* [PROMPT]: When you reproduce the data, keep every word exactly as it stands and leave the pictures out.
:: GIVEN MATERIAL ::
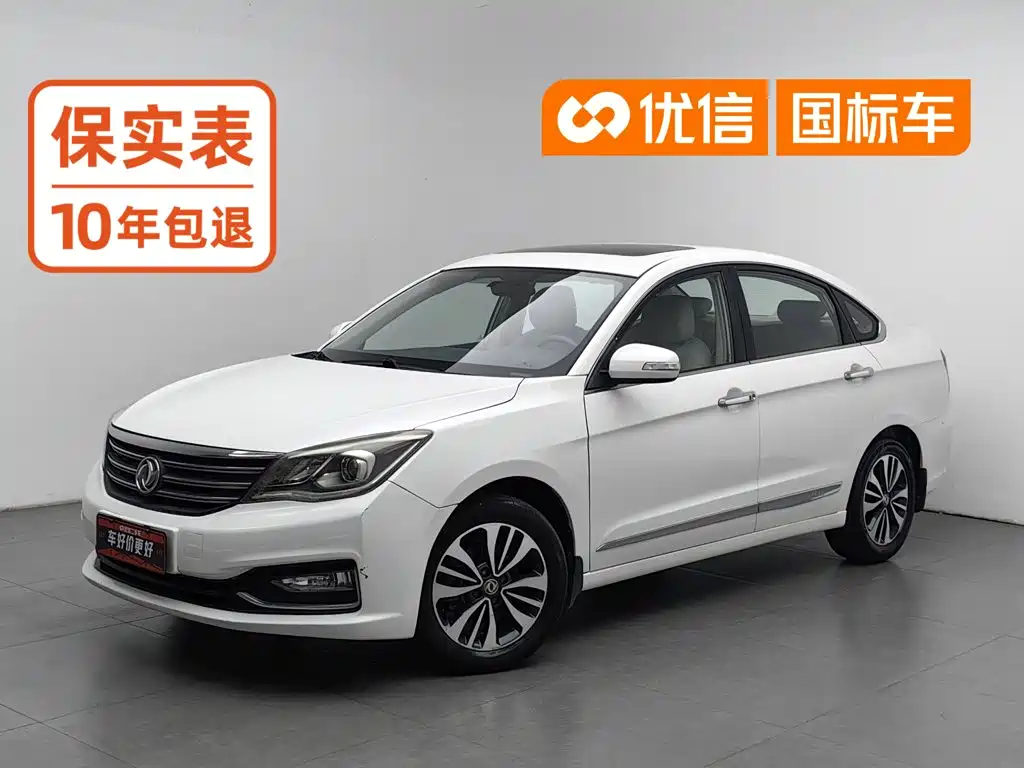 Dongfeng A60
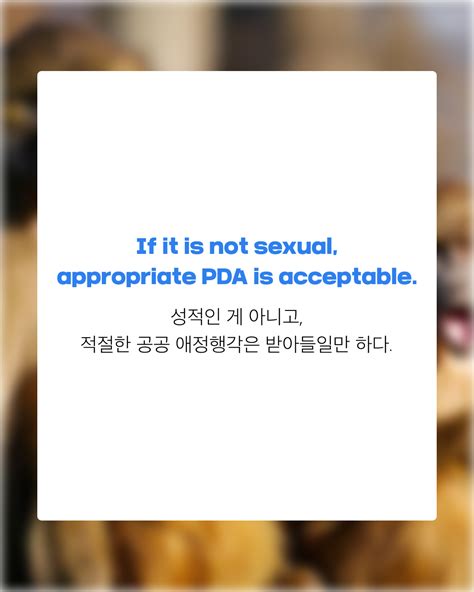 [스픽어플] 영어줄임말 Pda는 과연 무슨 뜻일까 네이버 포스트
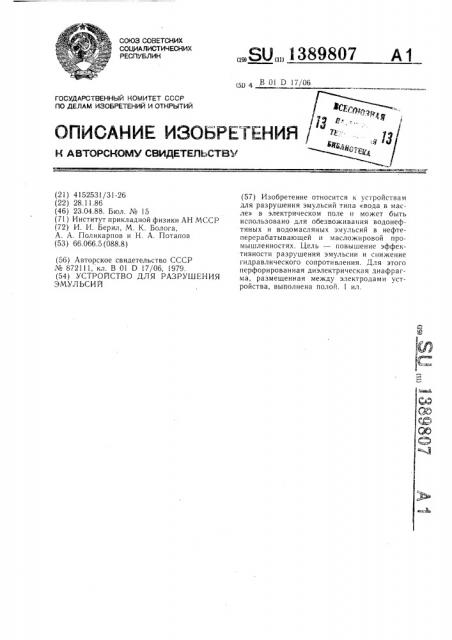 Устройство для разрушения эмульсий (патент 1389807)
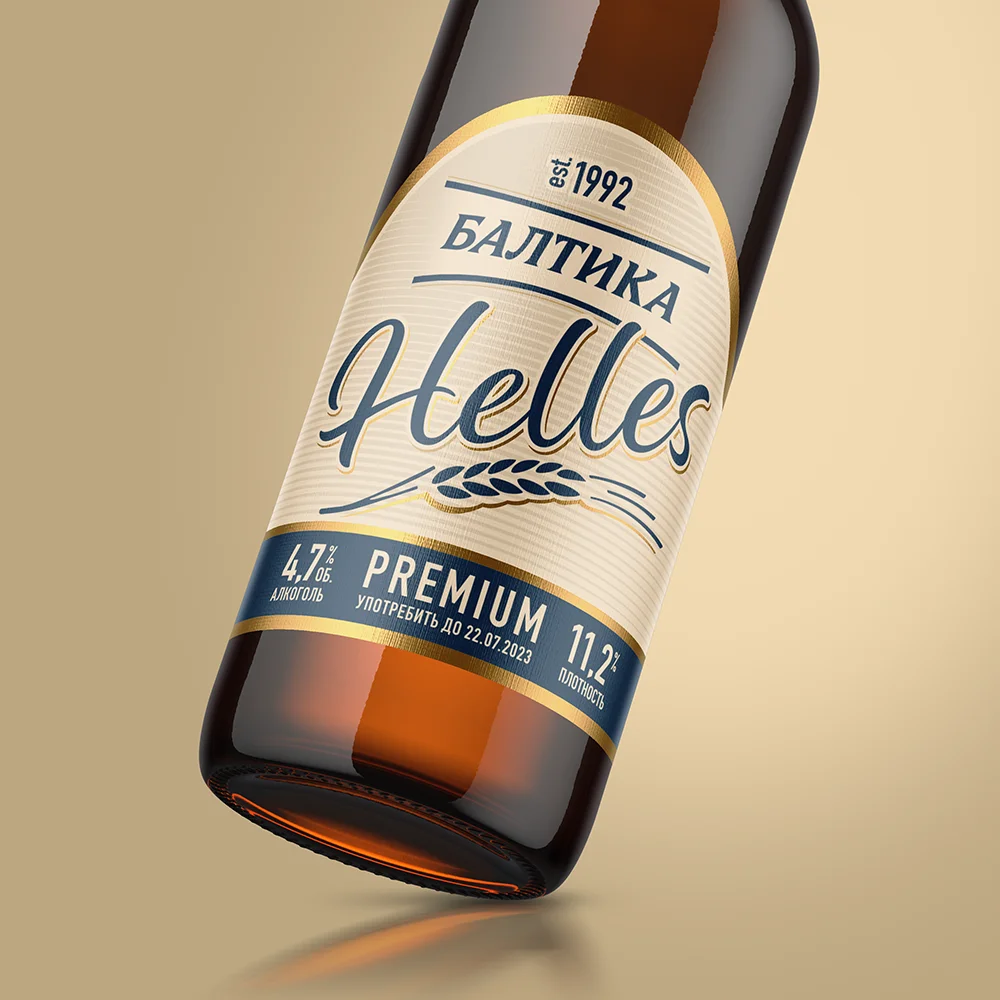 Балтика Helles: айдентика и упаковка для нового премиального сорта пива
:::
* [ANSWER TO THE EXERCISE]:
 Dongfeng A60
 [스픽어플] 영어줄임말 Pda는 과연 무슨 뜻일까 네이버 포스트
 Устройство для разрушения эмульсий (патент 1389807)
 Балтика Helles: айдентика и упаковка для нового премиального сорта пива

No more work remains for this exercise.